Pieces of literature such as Melissa (formerly known as George) by Alex Gino, or The Hate U Give by Angie Thomas reflect such ‘harmful’ themes. Melissa tells the story of a transgender girl who expresses her experience of oppression and hardship while coming out. Meanwhile, The Hate U Give reveals themes of racism and inequality as 16 year old Starr Carter fights for justice for her friend who was unfairly killed. Both texts demonstrate realistic yet socially labeled ‘wrong’ experiences in our modern society, thus appealing to children who are attempting to understand the world around them. However, both Melissa and The Hate U Give have appeared on PEN America’s most frequently banned books list over the past few years.

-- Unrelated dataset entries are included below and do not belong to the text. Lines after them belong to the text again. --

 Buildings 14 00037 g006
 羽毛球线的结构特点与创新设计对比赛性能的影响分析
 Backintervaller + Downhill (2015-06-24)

As children are developing, they become heavily dependent on the perspectives they are initially exposed to. Their minds have not yet witnessed the political or societal influence of the “adult world,” and it is therefore entirely up to them what they deem to be ‘right’ or ‘wrong,’ Thus, the issue that arises here is one of limitation: when children aren’t exposed to a variety of perspectives due to book banning, we narrow their perspectives into one we wish them to have. “You start to only see things, or only get information from one side, and that can really impact your world view. That’s not what democracy is about,” says Fritzi Bodenheimer of the Brooklyn Public Library.
While the First Amendment protects American access to literature, school administrators and parents have the right to ban certain books. However, in many instances, these books are not banned out of the need to protect students, but the need to expose them to more ‘correct’ ideas. Elders attempt to prevent children from developing abstract opinions, which have traditionally been silenced.

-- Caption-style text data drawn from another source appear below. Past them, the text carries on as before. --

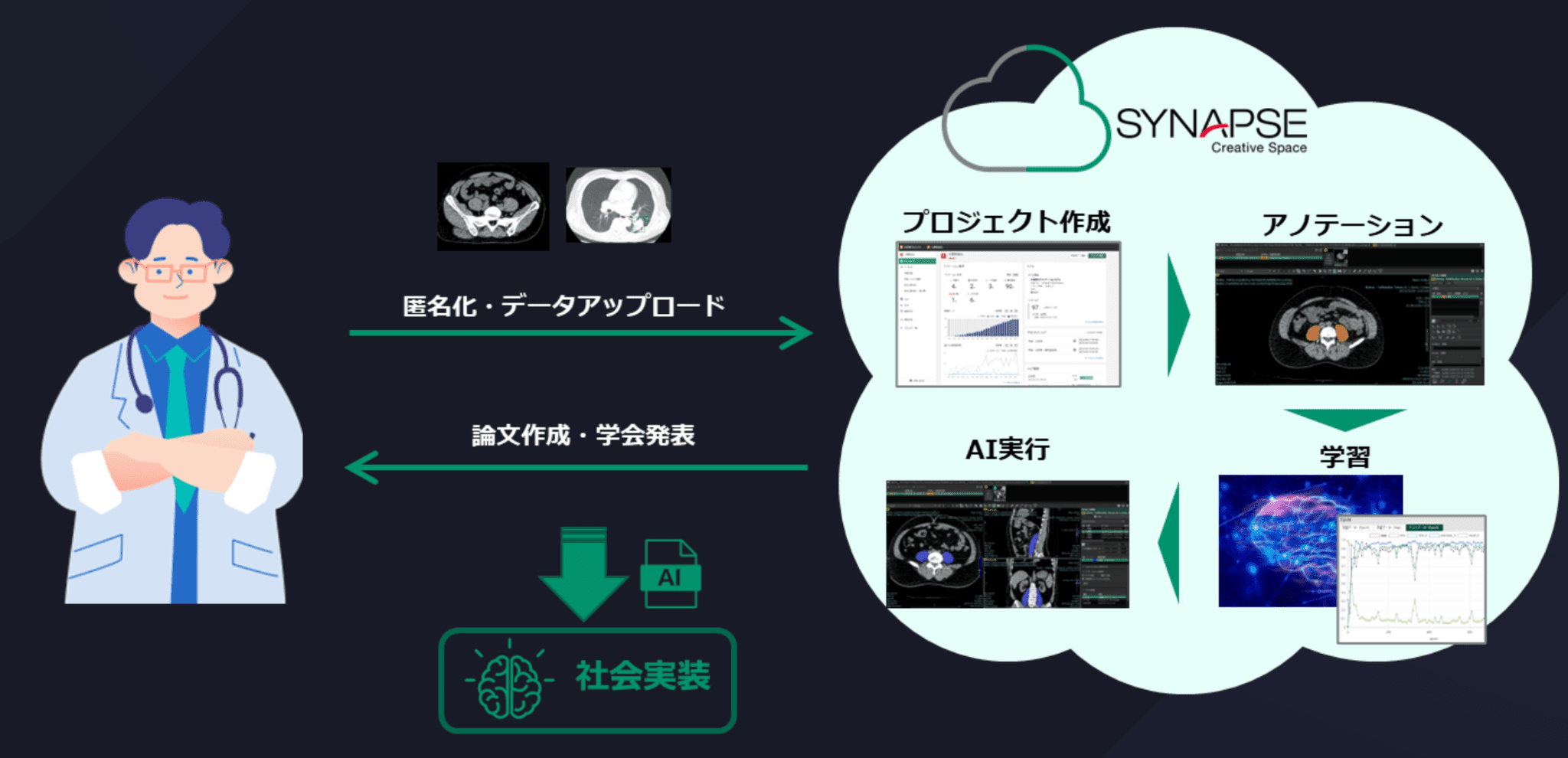 スクリーンショット 2025-06-13 7.43.08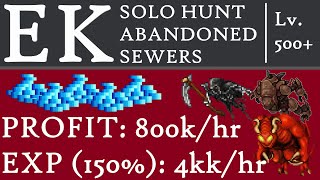 EK  Solo Hunt Oramond Abandoned Sewers PROFIT 800kh EXP150 4kkh MEJOR RESP PARA 6666 DEMONS [upl. by Ackley]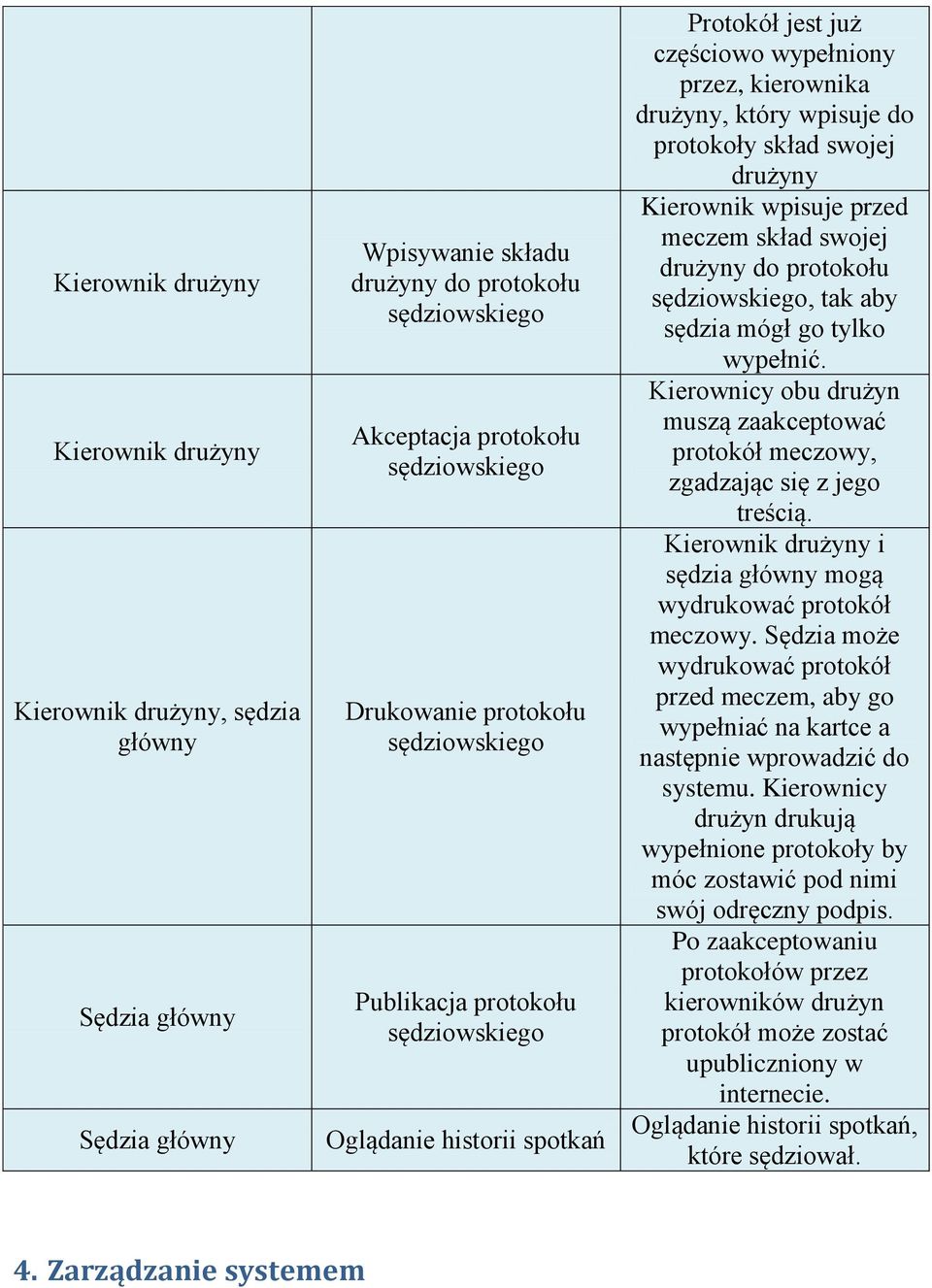 Kierownik wpisuje przed meczem skład swojej drużyny do protokołu sędziowskiego, tak aby sędzia mógł go tylko wypełnić.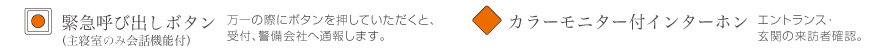 緊急呼び出しボタン・カラーモニター付きインターホン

Still, as Bodenheimer notes, “What we can’t allow is for someone who says, “I don’t like that book for my children” to take it {the book} off the shelf so no one else can read it.” Unfortunately, in the U.S. alone, hundreds of thousands of children continue to be impacted by banned books each year.
When this occurs, a child is forced to develop a world view based solely on what they’ve been told – because nothing else is out there. The children become carbon copies of the people before them. When you rip a child from choice, they default to the choices of those around them. It is for this reason that beliefs will rarely vary between generations.
As more and more books are continuously banned, we must remember what these books provide children: opportunity. We must put aside our own beliefs for the sake of the next generation and what they decide to be morally ‘right’ or morally ‘wrong.’ If we allow them to develop their own opinions, we can move towards a society where those opinions work in harmony to eliminate common issues. We cannot ban books because of our own fear – instead, it is that fear which must keep those books on our shelves.